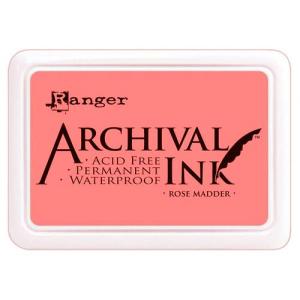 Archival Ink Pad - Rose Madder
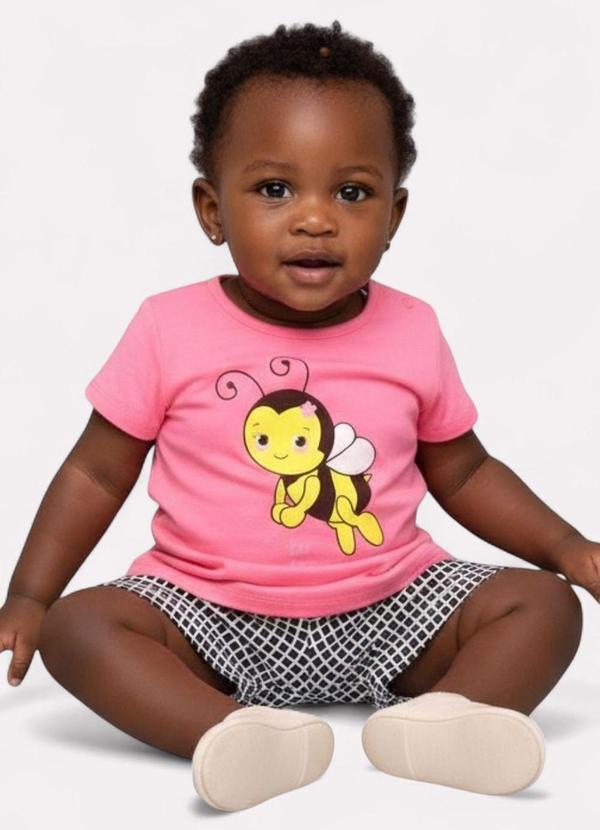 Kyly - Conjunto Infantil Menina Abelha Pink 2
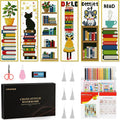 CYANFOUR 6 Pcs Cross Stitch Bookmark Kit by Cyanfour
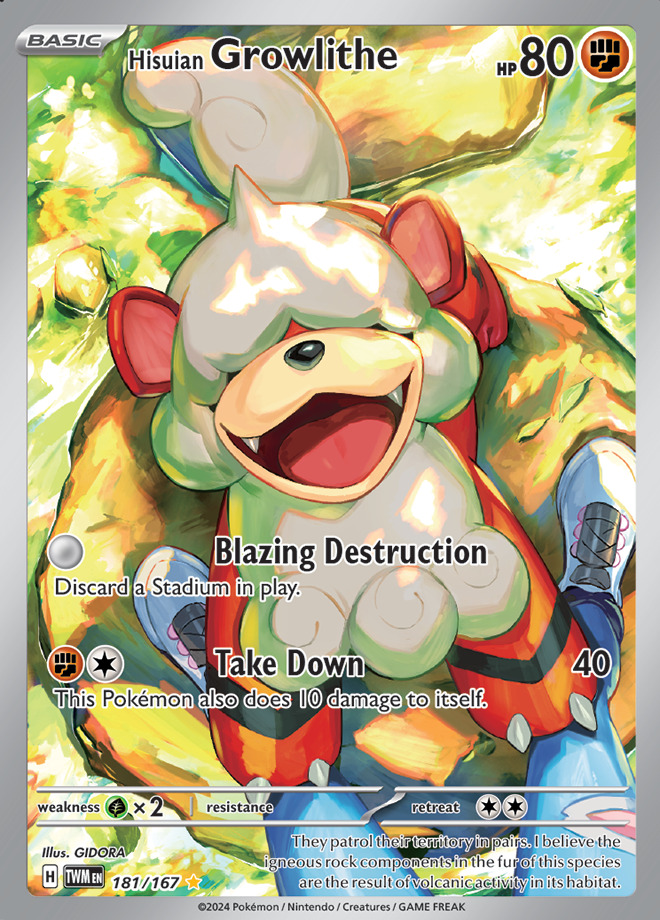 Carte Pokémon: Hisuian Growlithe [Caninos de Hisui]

━━━

* _About this exercise_: All of the data is to be returned exactly, with no pictures included.

* _Exercise answer_:
 Archival Ink Pad - Rose Madder
 Kyly - Conjunto Infantil Menina Abelha Pink 2
 CYANFOUR 6 Pcs Cross Stitch Bookmark Kit by Cyanfour
 Carte Pokémon: Hisuian Growlithe [Caninos de Hisui]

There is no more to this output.